• Task instructions:
In your copy, reproduce each entry exactly and leave out the pictures.

BEGIN Supplied data

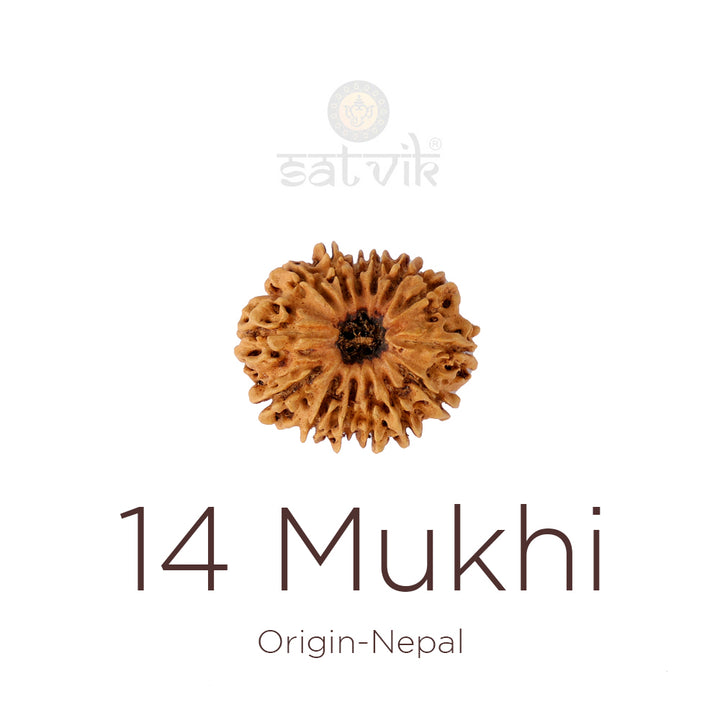14 Mukhi Rudraksha bead natural Nepali fourteen face Rudraksha. India’s Premium Rudraksha Beads Brand - www.satvikstore.in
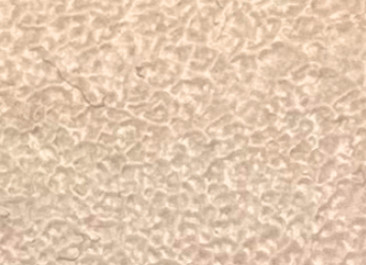 45ml Pink Beige 19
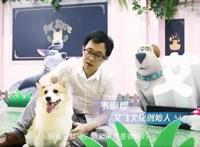 诞生到“爆红”，从《潮生》看萌宠IP“飞狗MOCO”的内容升级之路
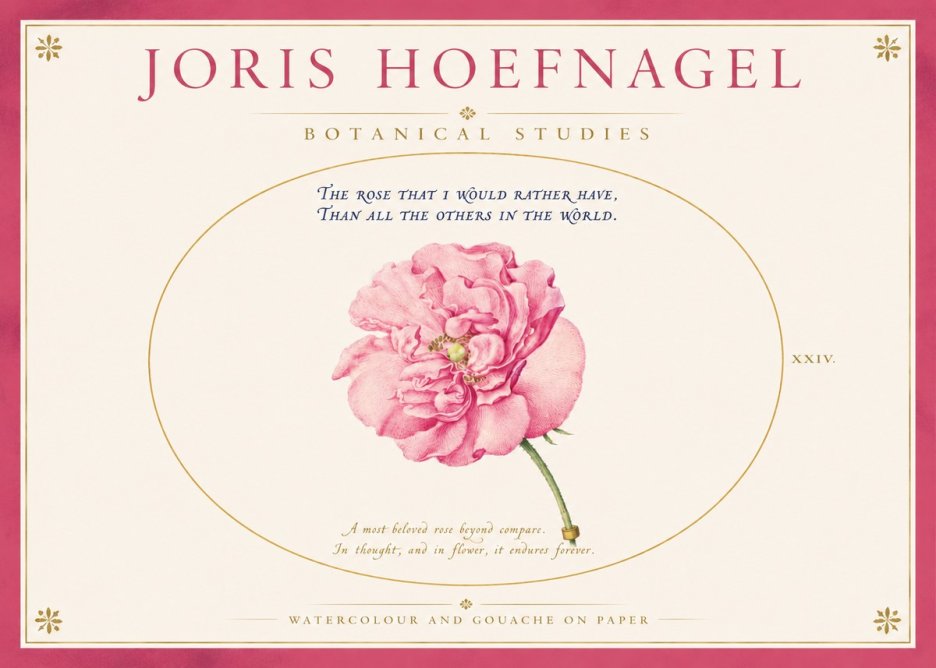 Joris Hoefnagel A Pink Damask Rose No4 - Affiche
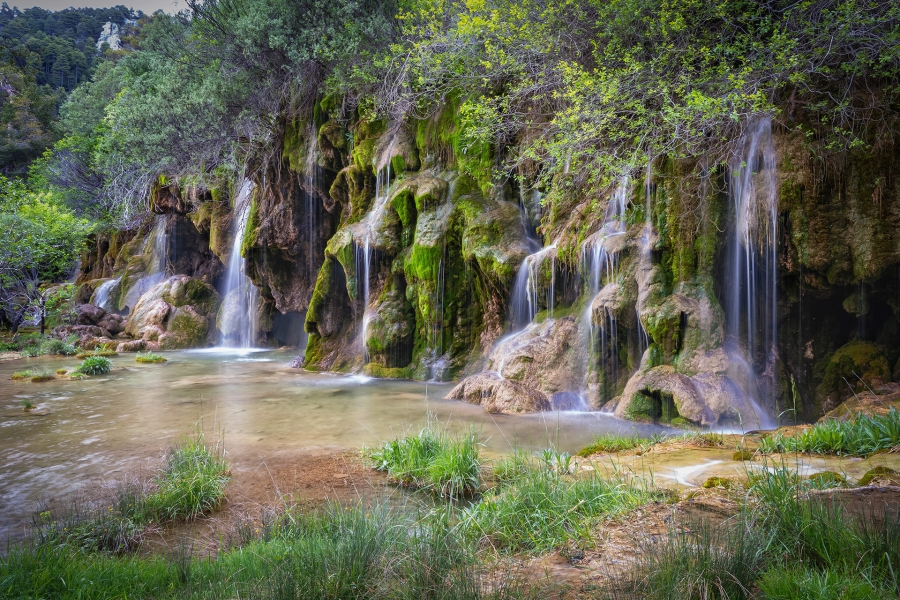 Agua es Vida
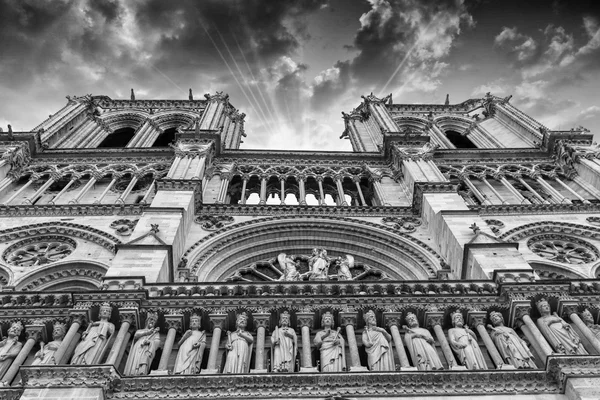 Notre Dame set nedefra - Stock-foto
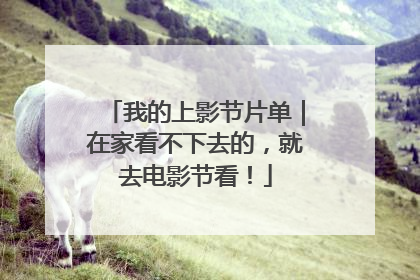 我的上影节片单｜在家看不下去的，就去电影节看！
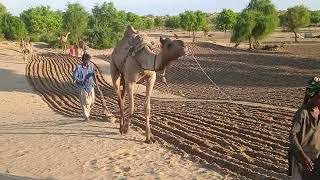 Use of Camel ﺟَﻤَﻞin cultivation of field in Thararkar Pakistananimalsthar camel desert [upl. by Aiuqenehs]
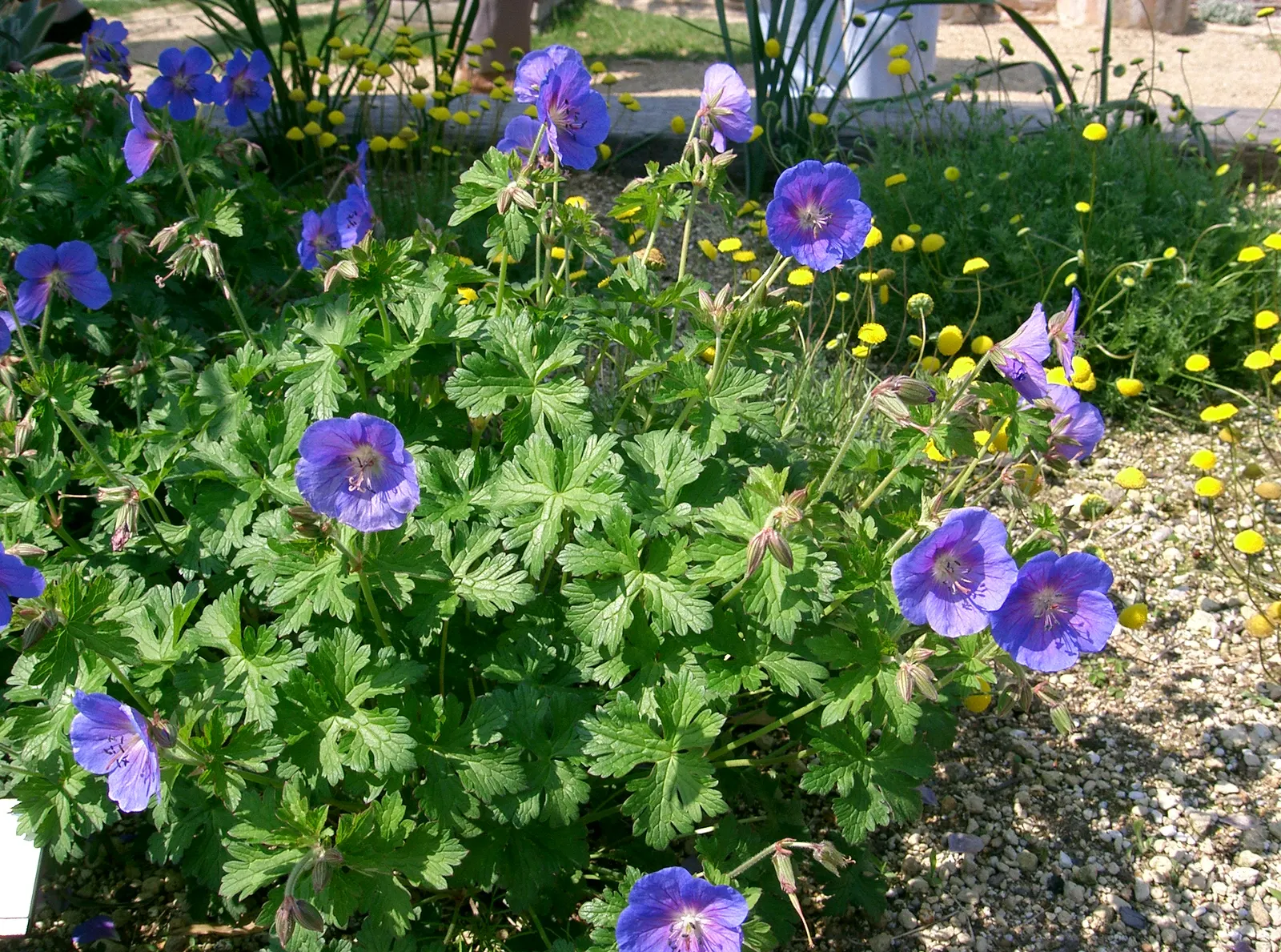 Johnson's Blue Cranesbill (Geranium 'Johnson's Blue') — commonly referred to as Johnson's Blue Cranesbill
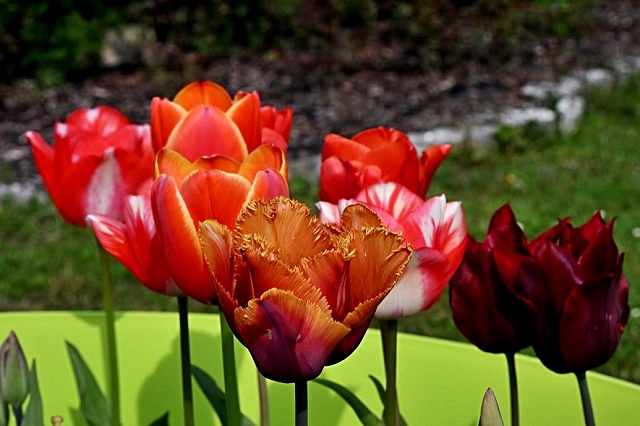 luchi-tulipani-12.jpg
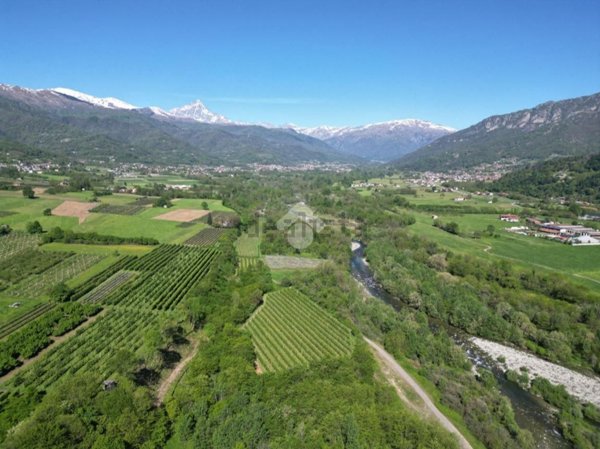 casa indipendente in vendita a Martiniana Po
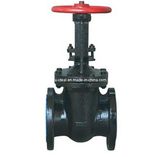 Cast Iron Type Gate Valve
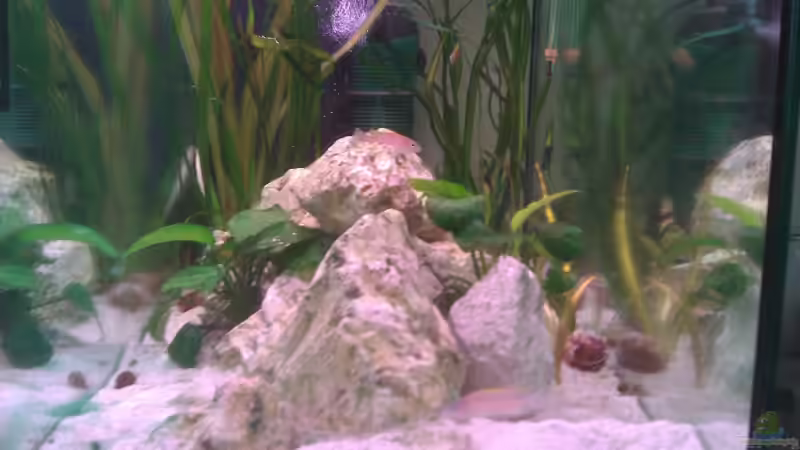 Besatz im Aquarium Sarah`s Caudos - Nur noch als Beispiel von Julien Preuß (12)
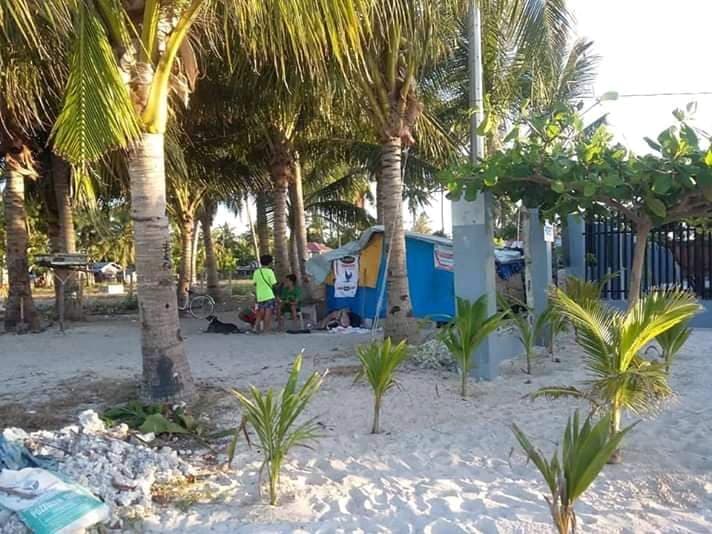 Tax declaration - photo 3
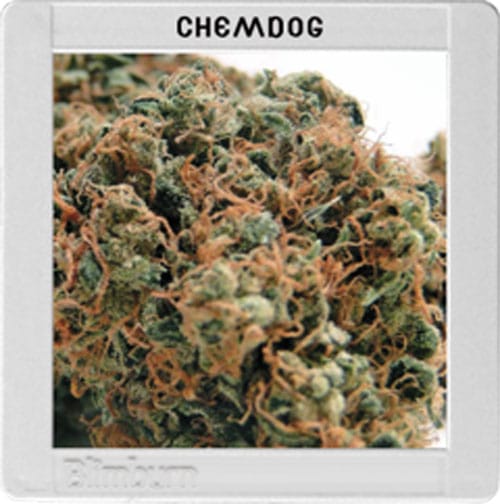 Blimburn America - Chemdog #4 by BlimBurn Seeds – Indoor – 12/12 Photoperiod – Lemon – image 1 – Seed City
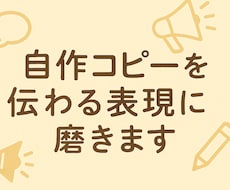 600文字程度で自作コピーを伝わる表現に磨きます イメージ1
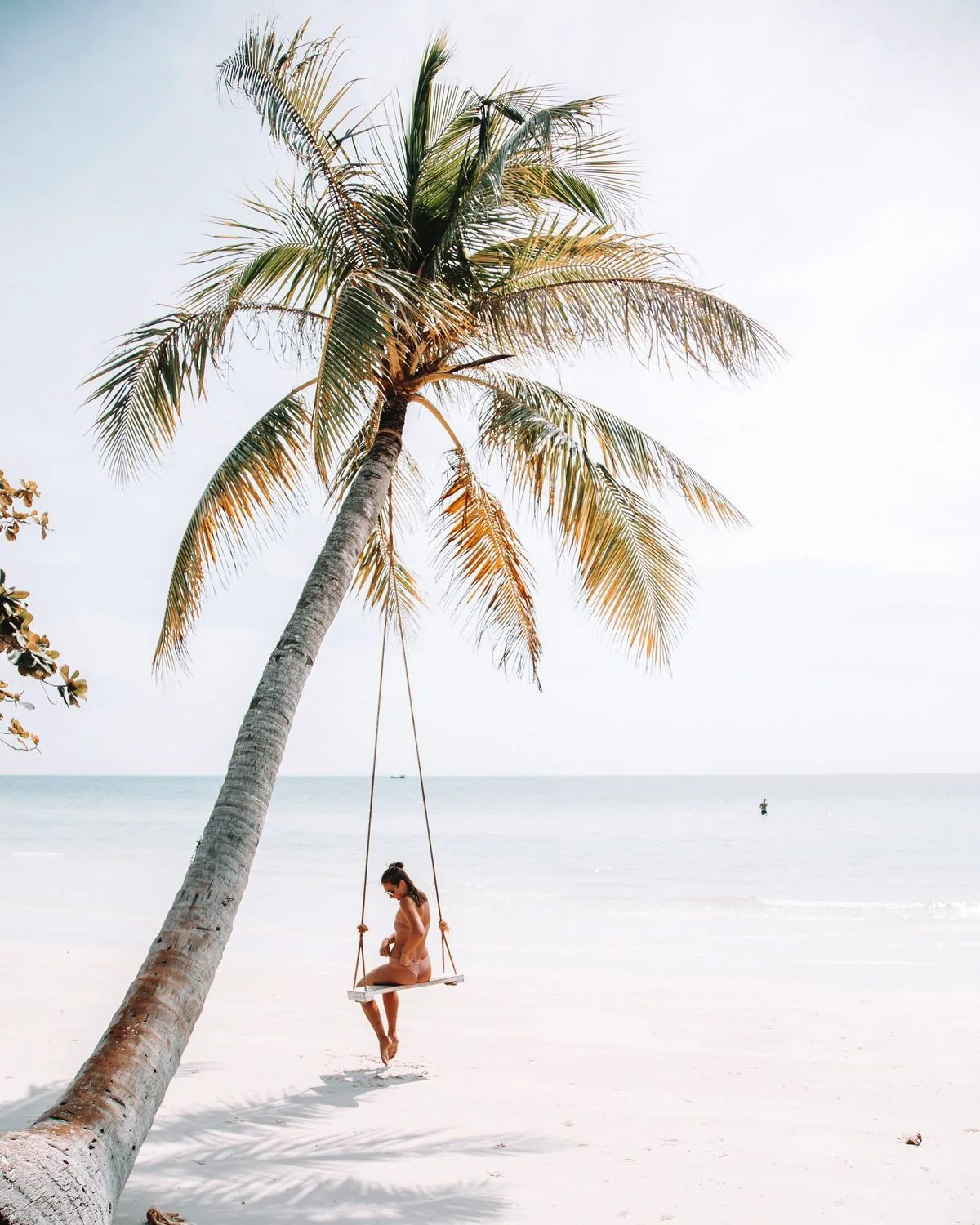 A swing among the palms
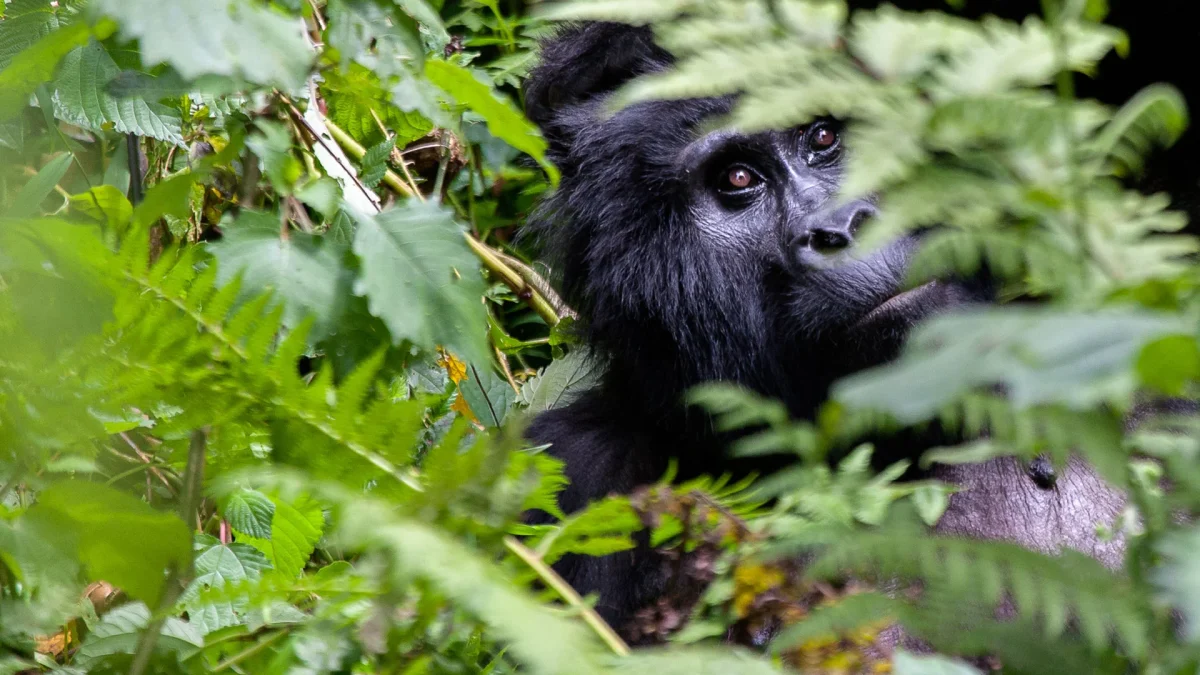 can-i-book-a-gorilla-safari-when-i-am-in-uganda
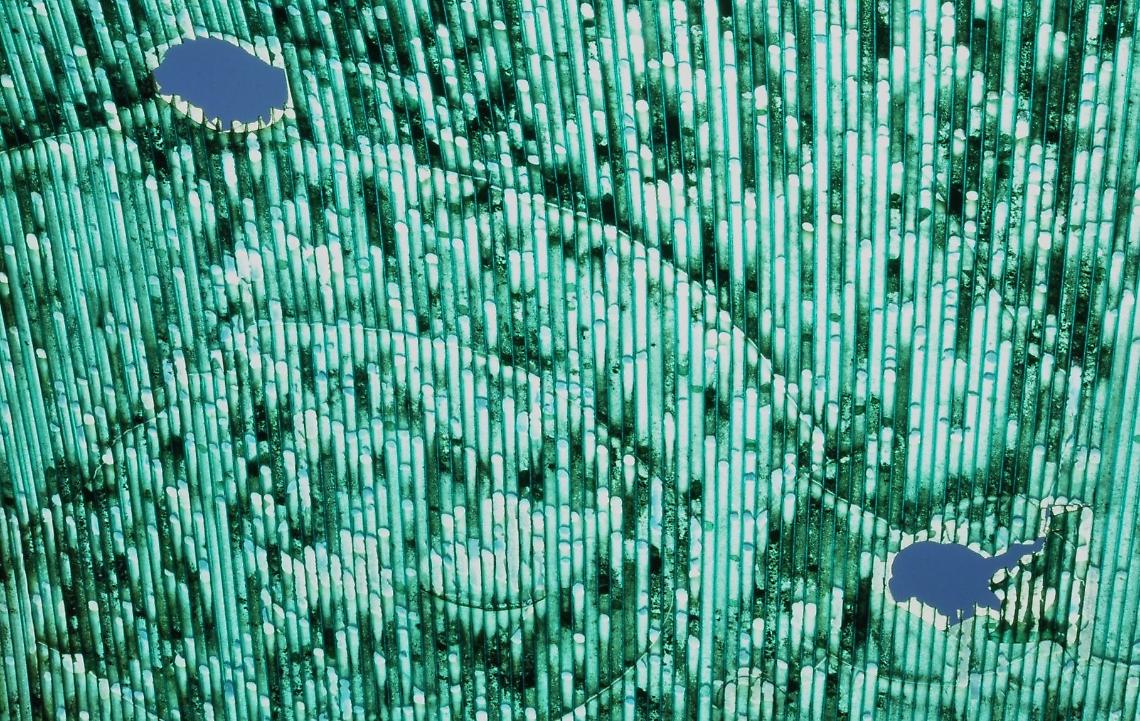 L&rsquo;arte dello sguardo quotidiano: Paolo Coltro inaugura la nuova stagione di &ldquo;Sottosopra&rdquo;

END Supplied data

• Response box:
14 Mukhi Rudraksha bead natural Nepali fourteen face Rudraksha. India’s Premium Rudraksha Beads Brand - www.satvikstore.in
 45ml Pink Beige 19
 诞生到“爆红”，从《潮生》看萌宠IP“飞狗MOCO”的内容升级之路
 Joris Hoefnagel A Pink Damask Rose No4 - Affiche
 Agua es Vida
 Notre Dame set nedefra - Stock-foto
 我的上影节片单｜在家看不下去的，就去电影节看！
 Use of Camel ﺟَﻤَﻞin cultivation of field in Thararkar Pakistananimalsthar camel desert [upl. by Aiuqenehs]
 Johnson's Blue Cranesbill (Geranium 'Johnson's Blue') — commonly referred to as Johnson's Blue Cranesbill
 luchi-tulipani-12.jpg
 casa indipendente in vendita a Martiniana Po
 Cast Iron Type Gate Valve
 Besatz im Aquarium Sarah`s Caudos - Nur noch als Beispiel von Julien Preuß (12)
 Tax declaration - photo 3
 Blimburn America - Chemdog #4 by BlimBurn Seeds – Indoor – 12/12 Photoperiod – Lemon – image 1 – Seed City
 600文字程度で自作コピーを伝わる表現に磨きます イメージ1
 A swing among the palms
 can-i-book-a-gorilla-safari-when-i-am-in-uganda
 L&rsquo;arte dello sguardo quotidiano: Paolo Coltro inaugura la nuova stagione di &ldquo;Sottosopra&rdquo;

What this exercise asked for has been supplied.